In 2002, the debtor and his fiancee entered into a prenuptial agreement that stated that, in the event of divorce, he would pay her, as Property Settlement Payments:

  1. $12,000 within 30 days of termination;
  2. $1,000 per month for a period equal to the number of months that the relationship lasted beginning on June 6, 2002; and,
  3. $27,000 as repayment of monies loaned to the Debtor plus accrued interest.

The Agreement even specifically stated that the payments “are not alimony and will not be tax deductible,” and that his fiancee is “giving up all rights to … alimony and to equitable distribution…” In 2009, the debtor’s wife instituted divorce proceedings and on October 5, 2010, the family court entered a Final Judgment for Divorce which made no mention of support or equitable distribution.

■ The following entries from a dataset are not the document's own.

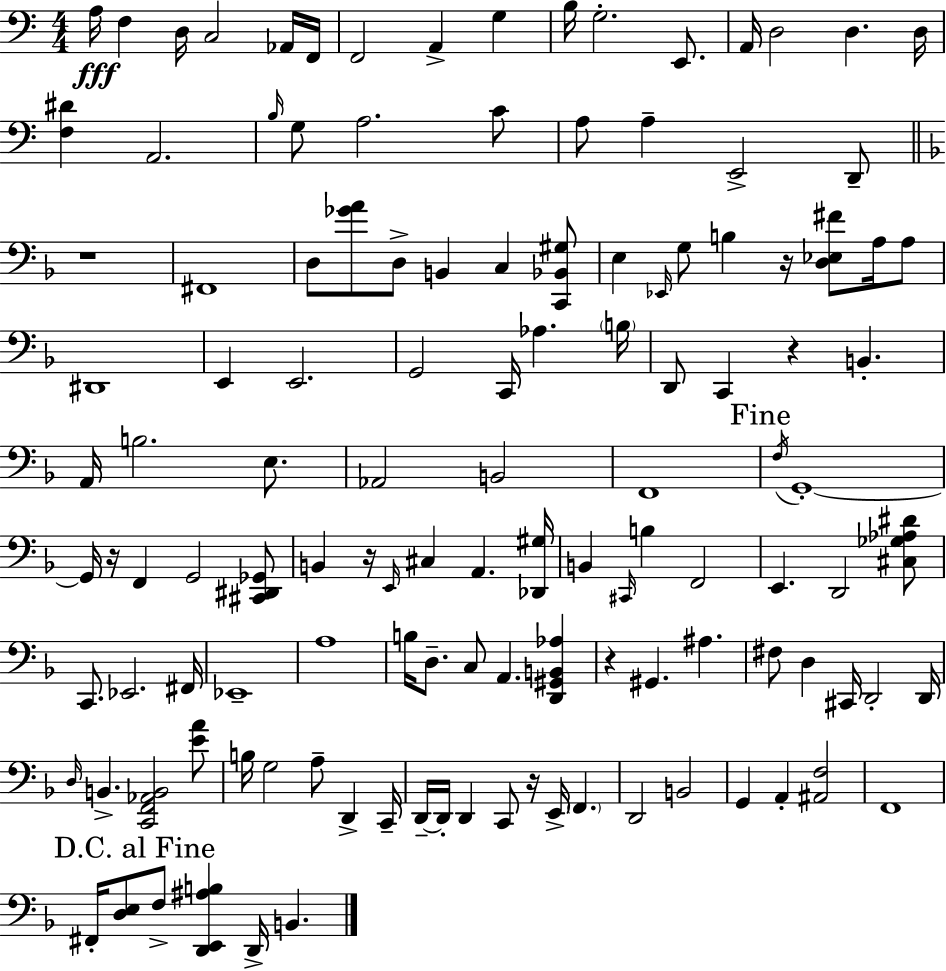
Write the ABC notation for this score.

X:1
T:Untitled
M:4/4
L:1/4
K:Am
A,/4 F, D,/4 C,2 _A,,/4 F,,/4 F,,2 A,, G, B,/4 G,2 E,,/2 A,,/4 D,2 D, D,/4 [F,^D] A,,2 B,/4 G,/2 A,2 C/2 A,/2 A, E,,2 D,,/2 z4 ^F,,4 D,/2 [_GA]/2 D,/2 B,, C, [C,,_B,,^G,]/2 E, _E,,/4 G,/2 B, z/4 [D,_E,^F]/2 A,/4 A,/2 ^D,,4 E,, E,,2 G,,2 C,,/4 _A, B,/4 D,,/2 C,, z B,, A,,/4 B,2 E,/2 _A,,2 B,,2 F,,4 F,/4 G,,4 G,,/4 z/4 F,, G,,2 [^C,,^D,,_G,,]/2 B,, z/4 E,,/4 ^C, A,, [_D,,^G,]/4 B,, ^C,,/4 B, F,,2 E,, D,,2 [^C,_G,_A,^D]/2 C,,/2 _E,,2 ^F,,/4 _E,,4 A,4 B,/4 D,/2 C,/2 A,, [D,,^G,,B,,_A,] z ^G,, ^A, ^F,/2 D, ^C,,/4 D,,2 D,,/4 D,/4 B,, [C,,F,,_A,,B,,]2 [EA]/2 B,/4 G,2 A,/2 D,, C,,/4 D,,/4 D,,/4 D,, C,,/2 z/4 E,,/4 F,, D,,2 B,,2 G,, A,, [^A,,F,]2 F,,4 ^F,,/4 [D,E,]/2 F,/2 [D,,E,,^A,B,] D,,/4 B,,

When she instituted an action to collect on the judgment, the debtor then filed a chapter 7 bankruptcy. Not discouraged by this, she then brought an action in bankruptcy court to have the obligation declared non-dischargeable as in the nature of support. The court agreed. How did this happen?

Support Obligations Like Alimony Are Not Dischargeable

The answer lies in the language in the bankruptcy code that makes support obligations non-dischargeable. The creditor will prevail if he or she can prove that

  1. the or she is a person with a particular relationship with the debtor (e.g. is or was married to him/her)
  2. the nature of the obligation is for support
  3. the source of the obligation is an agreement, court order, or other determination, and
  4. the obligation was not assigned to someone outside the relationship.

Here the two were married, an order was issued by the family court creating the obligation, and said obligation was not assigned to anyone. Thus the sole issue was whether the obligation was for support.

So What Happened Here?

But the prenuptial agreement stated that the payments were not alimony, and that the creditor/fiancee had given up all rights to support or equitable distribution. The family court order did not even mention support! So what happened?

What happened, and the take-away here, is that the bankruptcy judge made his own decision on whether the obligation in the prenup was for support! In cases such as this, the courts look to the intent of the parties, and in this instance, the judge found that the payments under the prenup were intended to be in the nature of support.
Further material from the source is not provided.